Bugbears can hit decently hard against early characters, but usually do not pose a significant threat to experienced players that can take advantage of their low speed. Even so, keep an eye out if they pick up armor, weapons or other items - a bugbear with an offensive wand will prove to be actual trouble for a fledgling character, and in a worst case could possibly spell a quick end to the game.
Bugbears may be an occasional target of strategic genocide for Cavemen that want to boost intelligence via eating mind flayer corpses - this is a double-edged sword in practice, as it also means more chances that you may end up forgetting several item identities or even be left without a brain.
The bugbear first appears in NetHack 3.0.0.
The bugbear is a classic Dungeons & Dragons monster that debuts in Greyhawk, the game's first supplement. The monster takes its name from a folkloric creature that is similar to the boogeyman (or bogeyman), particularly featuring in tales told by some cultures to frighten disobedient children; the name is derived from similar roots to the word "boogeyman" as well, and in a modern context is used to describe a pet peeve. In medieval England, the bugbear was depicted as a creepy bear that lurked in the woods to scare children.
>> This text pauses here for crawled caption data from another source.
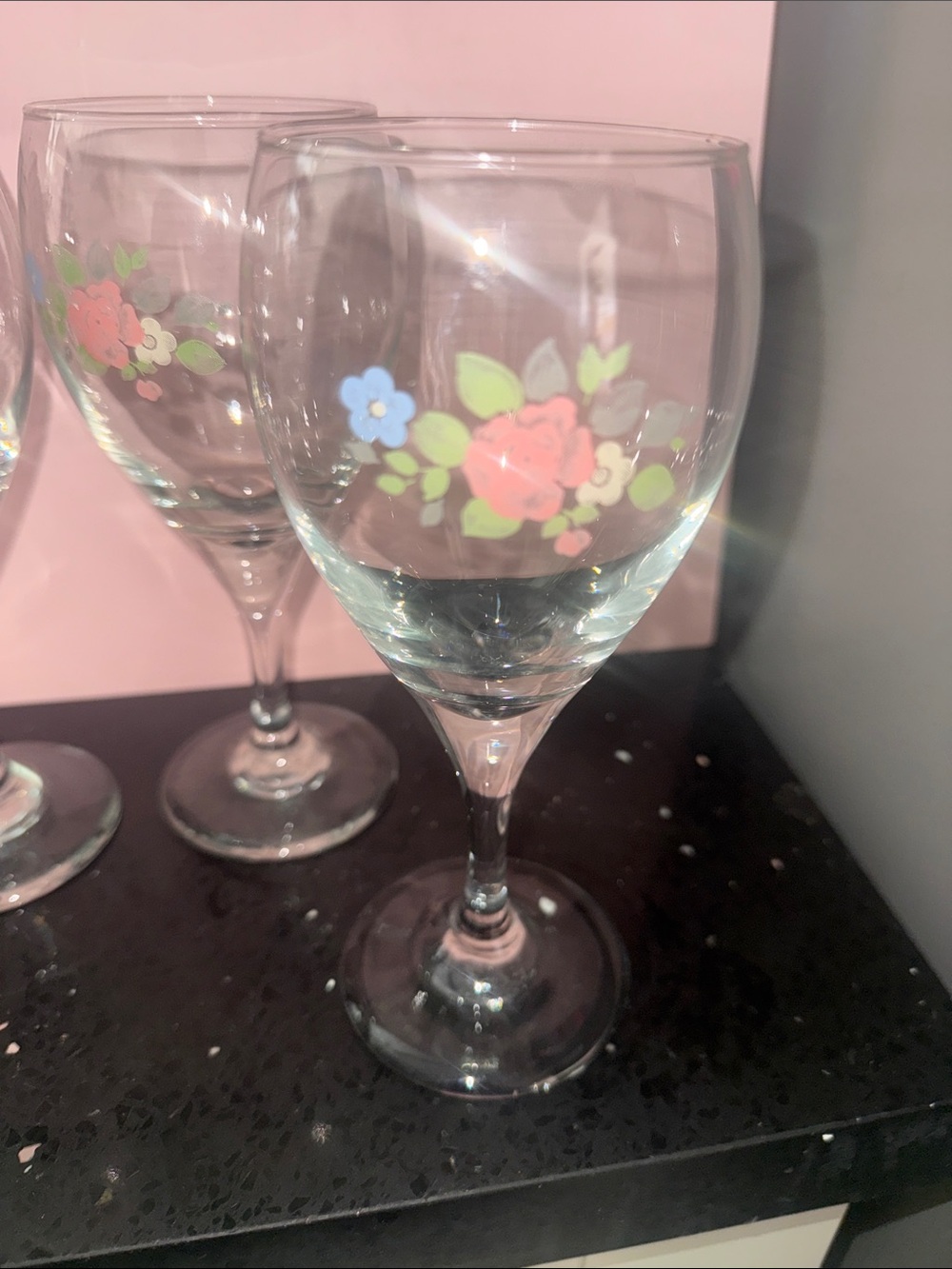 Floral Pink and Blue Wine Glasses - Set of 4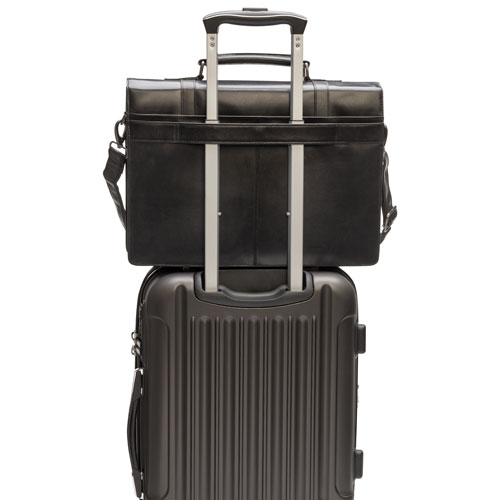 Mancini Buffalo Double Compartment Leather 15.6" Laptop Briefcase - Black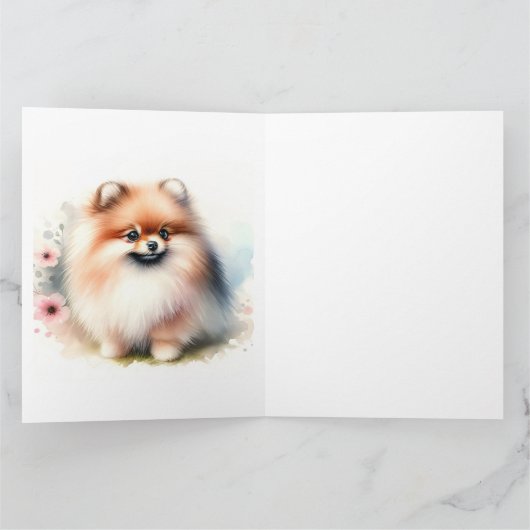 Carte Image d'aquarelle mignonne Pomeranian (Intérieur)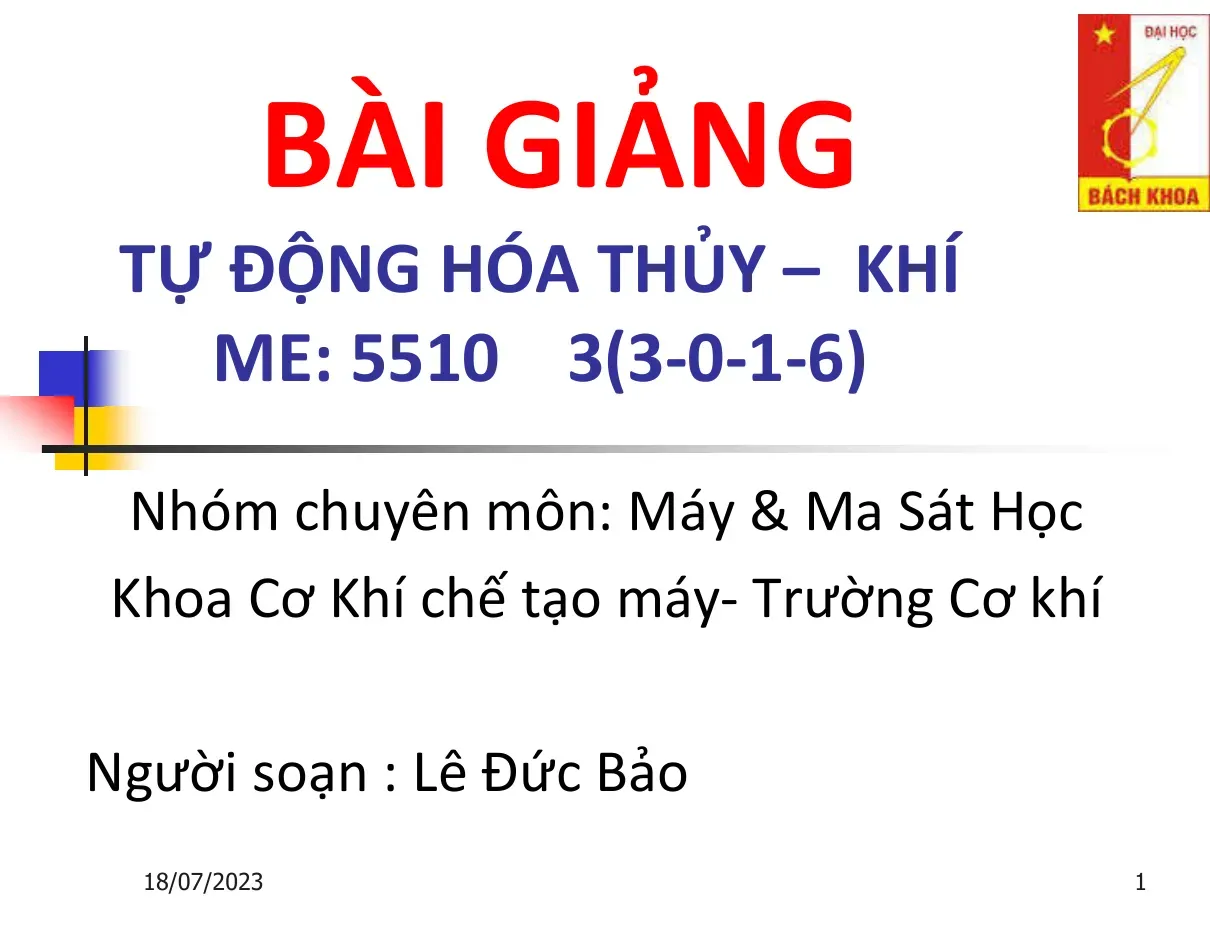 Tự động hóa thủy khí (Chương V) - Lê Đức Bảo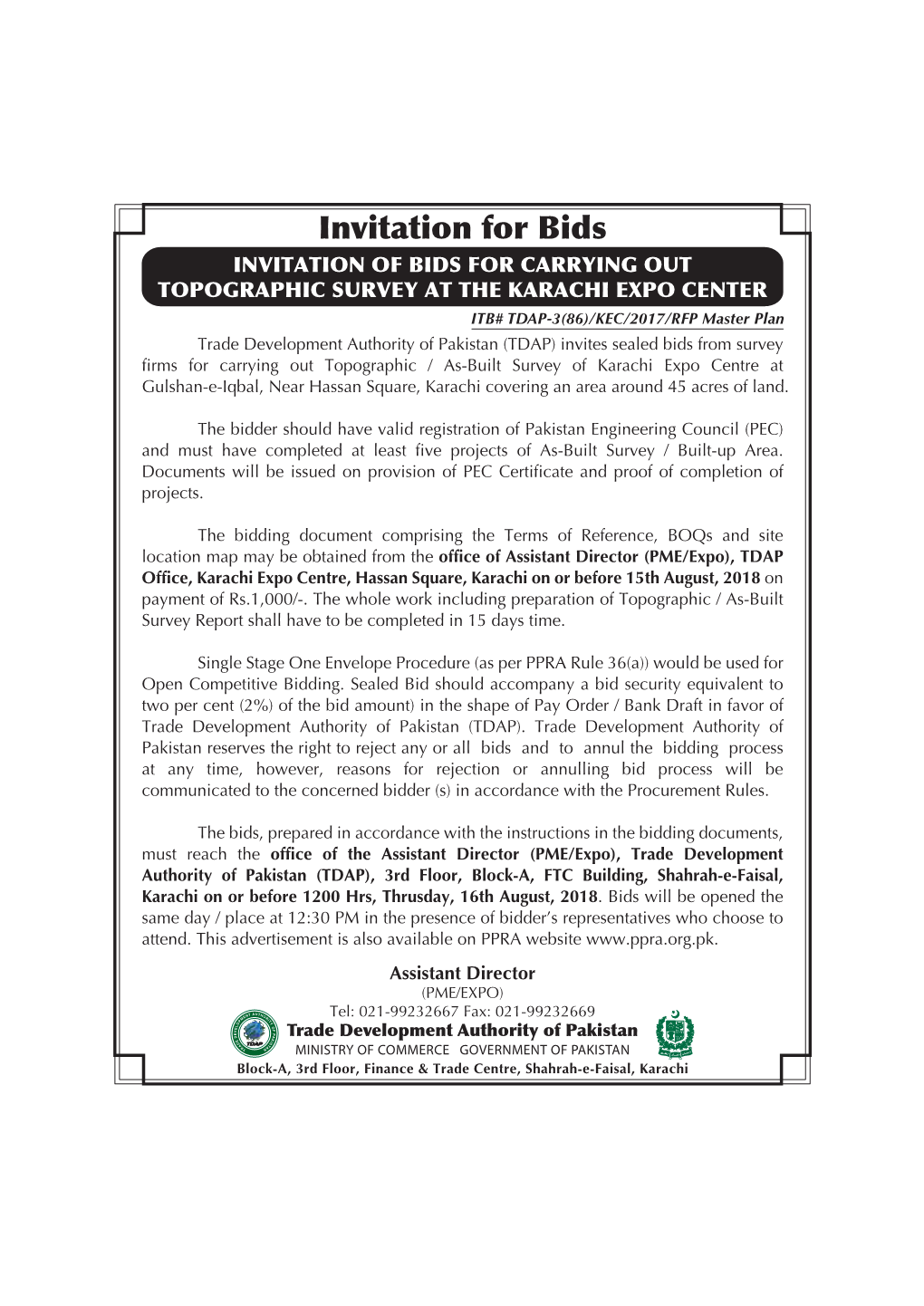 Tender Notice for Topographic Survey at the Karachi Expo Center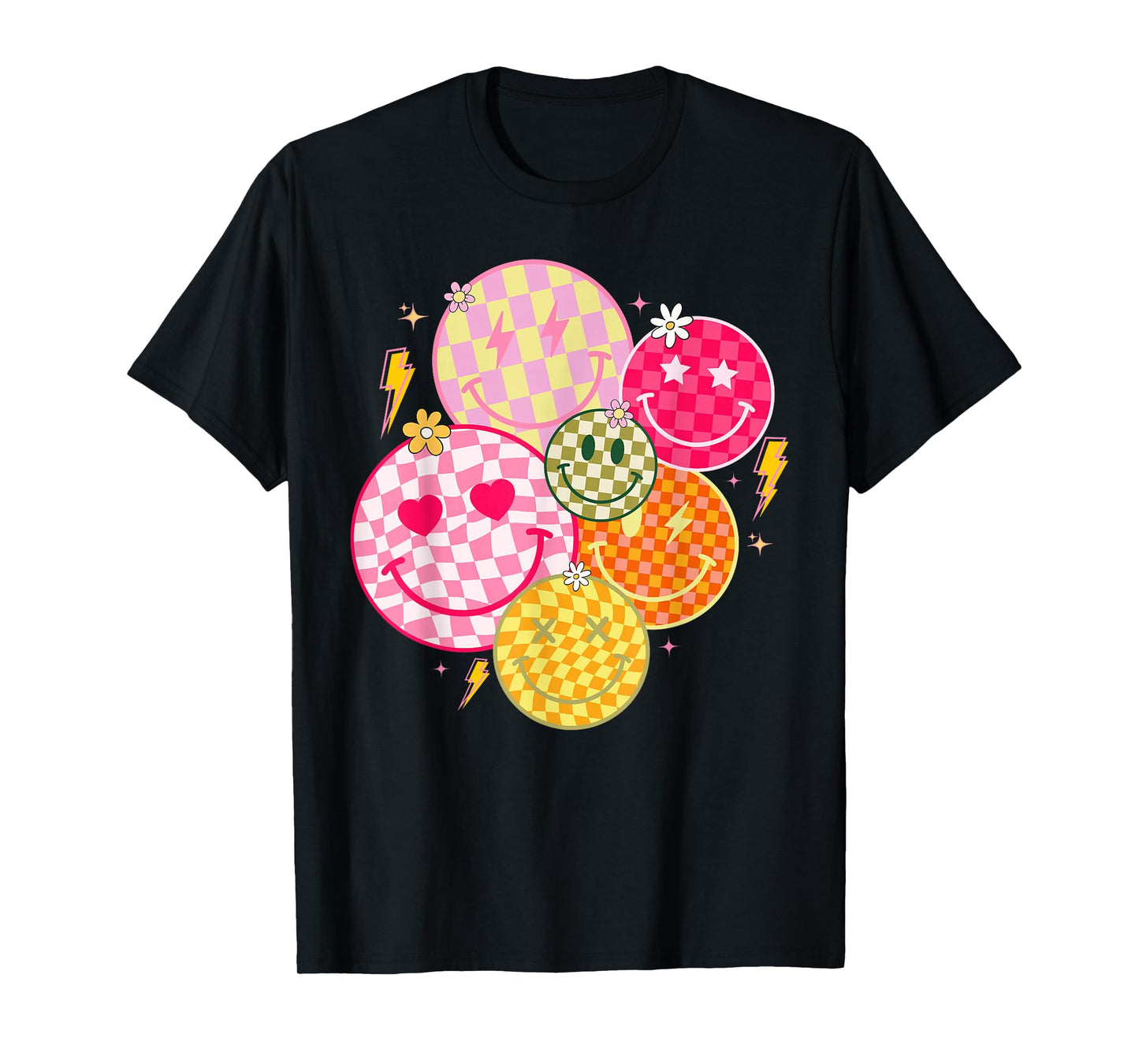 Retro Happy Face Shirt Checkered Pattern Smile Face Trendy T-Shirt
Dungeons & Dragons popularized the depiction of bugbears as large, hairy beings that are either goblinoids or distantly related to them; they are usually chaotic evil, and may additionally have other bear-like traits such as clawed hands. Bugbears are as likely to make their homes above-ground as they are below it compared to the more subterranean goblins, and some live in loose bands of at least a dozen members. Bugbears generally arm themselves with second-hand gear, and despite seeming clumsy, they are capable of moving stealthily and quickly if the situation calls for it.
- You hear the roaring of a confused bear!
- An unseen bugbear got stuck in a web.
- You hear the roaring of an angry bear!
- An unseen bugbear got stuck in a bear trap.
- You howl in anger!
- You walked into a web or bear trap while polymorphed into a bugbear.
In EvilHack, bugbears are part of the orc monster class, o. Like other orcish monsters, they have poison resistance and an aversion to mithril, and share a mutual grudge with elves. Bugbears are also generated with the orcish defaults for orcish armor and weapons, and gain a +1 AC bonus for each worn piece of orcish armor.
Bugbears are relatives of goblins, although they tend to be larger and more hairy. They are aggressive carnivores and sometimes kill just for the treasure their victims may be carrying.